Page MenuHomePhabricator

Site: eqiad : 2 VMs requested for DSE Kubernetes Cluster control plane servers
Open, Needs TriagePublic

Description

Cloud VPS Project Tested: n/a
Site/Location:eqiad
Number of systems: 2
Service: dse-k8s-ctrl
Networking Requirements: internal IP - no special requirements
Processor Requirements: 2
Memory: 4 GB
Disks: 20 GB
Other Requirements: none

This request is for a pair of servers to host the control plane for a new Kubernetes Cluster.

The design document for this new cluster is here.

Event Timeline

fyi: The design document isn't accesible and from the tickets alone it's unclear what this is about.

Thanks @Dzahn - I'm seeking to relax the permissions on the document, but I've added you specifically for now. There's no reason it can't be public, as far as I'm aware.

In summary, the machine learning and data engineering teams are looking to build a new Kubernetes cluster in eqiad.
This cluster is intended to run Kubeflow for ML and a number of other user-generated workloads like Spark.
The prefix dse indicates the ultimate aim of making this a shared computing resource for the data science and engineering teams, although we're only taking small steps in that direction at the moment.

We've created a project in Phabricator: DSE-Kubernetes-Cluster with a workboard and have begun to populate the backlog with tickets corresponding to the steps outlined here: https://wikitech.wikimedia.org/wiki/Kubernetes/Clusters/New

We're also working with serviceops to try to ensure that we follow best practices regarding cluster configuration.

Thank you @BTullis for all the details. Now I know what DSE means. If the doc could be public, even better.
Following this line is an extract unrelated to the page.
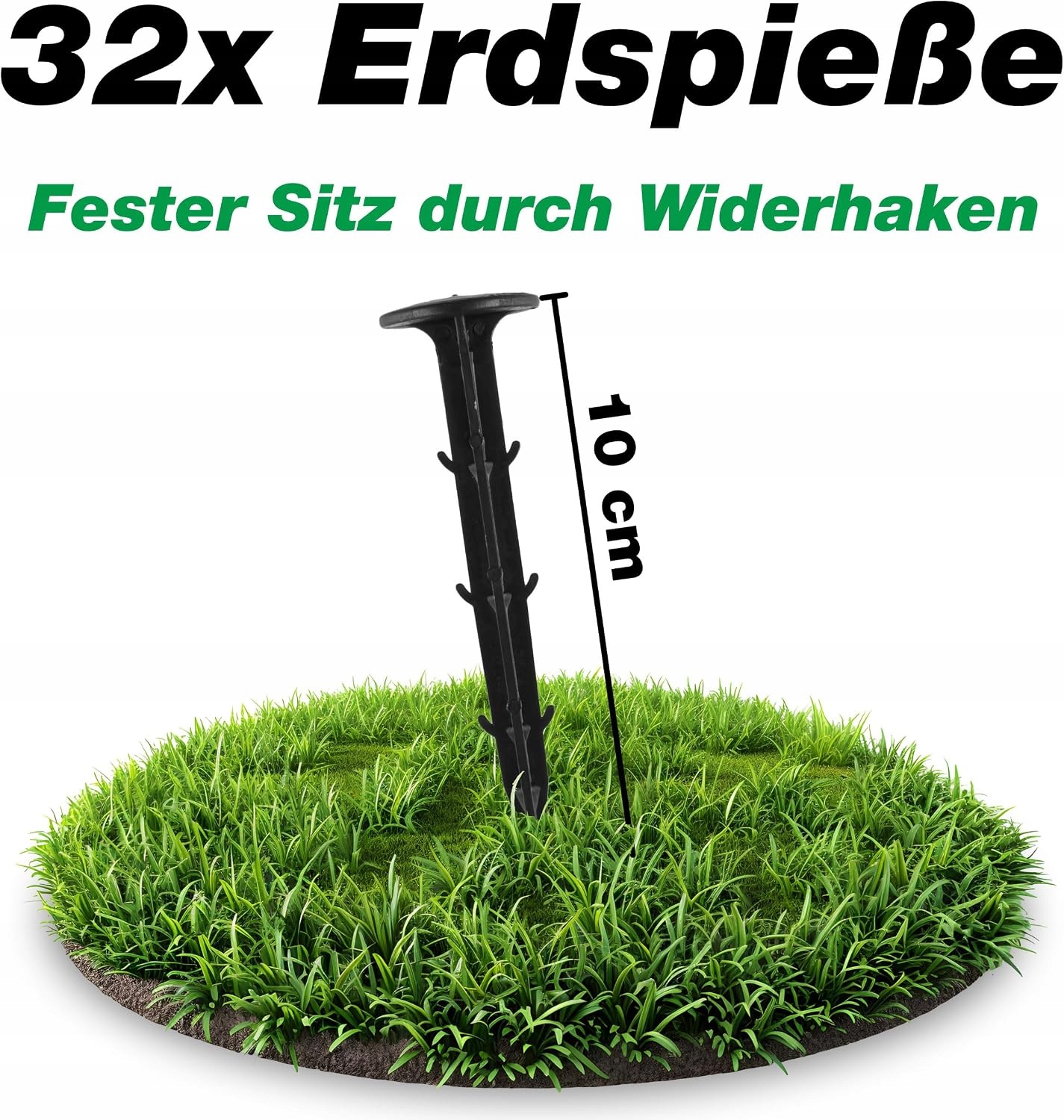 e69cd7638ab1478aef55a49ae18a5cf9.jpg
The project description at https://phabricator.wikimedia.org/project/profile/5959/ is also helpful though for the casual observer.

dzahn@cumin1001:~$ sudo cookbook sre.ganeti.makevm --vcpus 2 --memory 4 --disk 20 --network private eqiad_C dse-k8s-ctrl1001
Ready to create Ganeti VM dse-k8s-ctrl1001.eqiad.wmnet in the ganeti01.svc.eqiad.wmnet cluster on row C with 2 vCPUs, 4GB of RAM, 20GB of disk in the private network.

Allocated IPv4 10.64.32.177/22
Set DNS name of IP 10.64.32.177/22 to dse-k8s-ctrl1001.eqiad.wmnet
Allocated IPv6 2620:0:861:103:10:64:32:177/64 with DNS name dse-k8s-ctrl1001.eqiad.wmnet

@BTullis I tried to create one for you but the cookbook failed at the DNS update step:

FAIL ...100% (14/14) [00:23<00:00,  1.68s/hosts]
100.0% (14/14) of nodes failed to execute command 'cd /srv/authdns/...nippets --deploy': authdns[1001,2001].wikimedia.org,dns[1001-1002,2001-2002,3001-3002,4001-4002,5001-5002,6001-6002].wikimedia.org
0.0% (0/14) success ratio (< 100.0% threshold) for command: 'cd /srv/authdns/...nippets --deploy'. Aborting.
0.0% (0/14) success ratio (< 100.0% threshold) of nodes successfully executed all commands. Aborting.
Failed to run spicerack.remote.RemoteHosts.run_sync: Cumin execution failed (exit_code=2)
==> What do you want to do? "retry" the last command, manually fix the issue and "skip" the last command to continue the execution or completely "abort" the execution.

I picked "abort" and then got back to the same issue when it was trying to remove the DNS name and picked "abort" one more time. So:

END (PASS) - Cookbook sre.dns.wipe-cache (exit_code=0) dse-k8s-ctrl1001.eqiad.wmnet on all recursors

https://phabricator.wikimedia.org/P30044

Ah, I think that this has now been addressed by the Infrastructure-Foundations team and a fix should be deployed on Monday.

Apologies for being vague @Dzahn - I'm happy to create these VMs myself (but equally happy if you would prefer to carry on doing so).

I was mainly seeking a thumbs-up from SRE and creating a ticket for the record.

T311290 has been named as the reason for that issue with the cookbook. Should be fixed already.